Et ta femme, tu crois qu’elle a envie ? Peut-être. Peut-être pas. Peut-être qu’elle est épuisée, au bout du rouleau, mais qu’elle fait quand même, car sinon qui le fera ? Qui nourrira son bébé ? Le portera ? Le changera ?
Les pères s’investissent, de plus en plus. Moi-même, je me considère comme un père investi. Mais, en prenant un peu de recul, je réalise aussi que je suis un immense privilégié. Si je veux aller aux toilettes, j’y vais. Si j'ai besoin de faire du sport, je me débrouille toujours pour trouver un moment. Inconsciemment, je pense : « Elle assure. » J’ai beau faire, beaucoup et avec application, je n’ai pas un centième de la charge mentale de Marianne.

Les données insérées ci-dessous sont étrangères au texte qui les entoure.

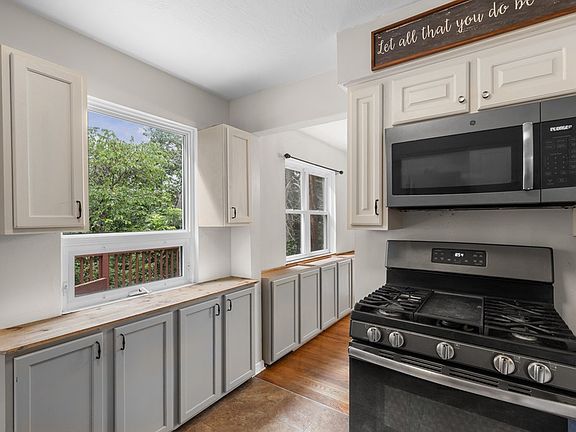 5th image of 183 Cityview Drive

Je ne dis jamais « Je n’ai pas envie », mais parfois je dis : « Attends. » Ou alors : « Je reviens vite, je vais me défouler. » Et quand c’est l’inverse, quand Marianne veut prendre un peu de temps pour elle, je pense : « Ok, allez, c'est ton tour. » Pas sûr qu’elle se dise la même chose. Elle fait, c’est tout.
Hier, Swann pleurait. Je n’ai pas attendu que Marianne s’en occupe : je l’ai pris dans mes bras, et je lui ai donné un bain libre. Tout seul, comme un grand. Dans ma tête, une petite voix m’a félicité. Pas sûr que Marianne ait dans sa tête une petite voix qui la félicite.

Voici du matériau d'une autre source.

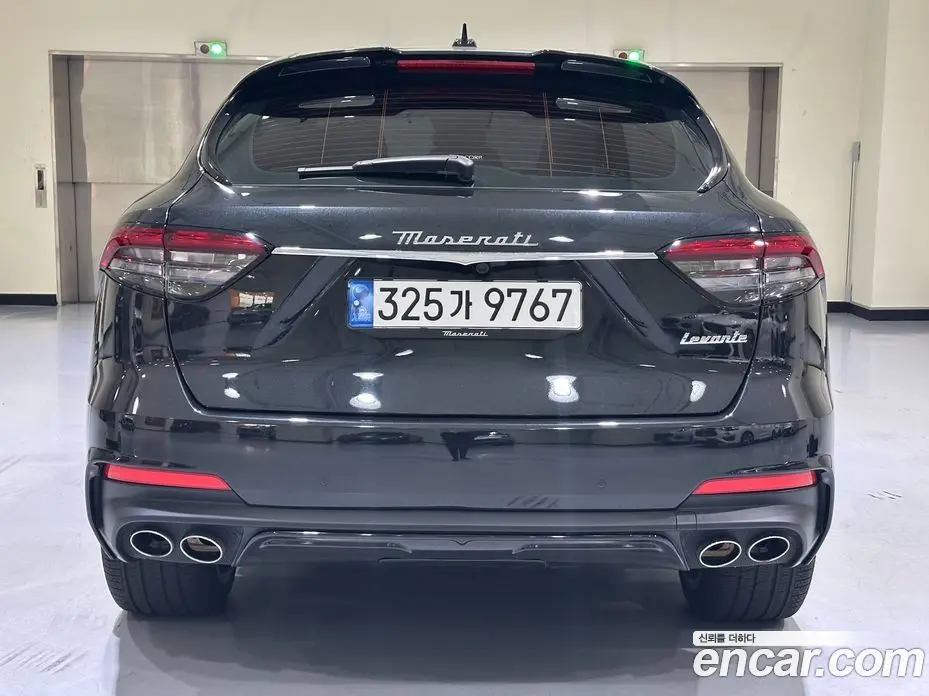 Maserati Levante 2023 3.0 автомат (гидро), фото 4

Je crois que beaucoup de pères ont dans la tête une petite voix qui les félicite car, inconsciemment, ils savent qu’ils ont le choix. Ils ont DECIDE de changer leur fils ou de nourrir leur fille, alors qu’ils auraient pu faire autre chose. Les mères, elles, n’inscrivent pas leurs actions dans un schéma d’alternatives, car elles portent la charge mentale du foyer et de la famille. Si elles ne font pas, qui fera ? L’homme ? Peut-être, mais pas sûr.

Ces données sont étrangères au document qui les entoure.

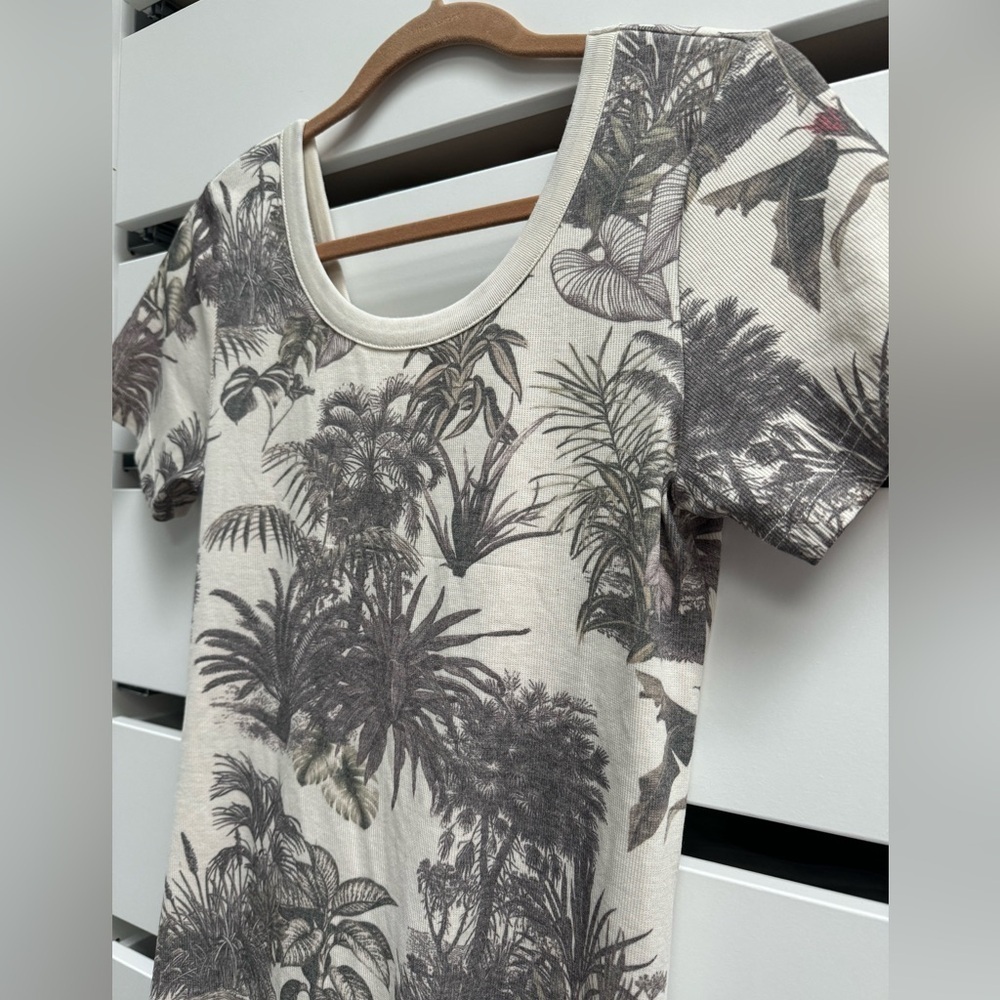 CHASER Tropical Recycled Vintage Print Ruched V Back T Shirt Size M NWOT - Picture 5 of 9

Je suis fier d’avoir donné un bain libre à mon fils, et que tout se soit bien passé. J’ai le droit d’être fier, car s’occuper d’un nourrisson est un défi, et rien n’est jamais gagné. Mais je n’oublie pas la chance que j’ai. Car, à côté de ces instants choisis et précieux, il y a le rouleau-compresseur du quotidien. Et, sans Marianne, celui-ci m’aurait déjà écrasé.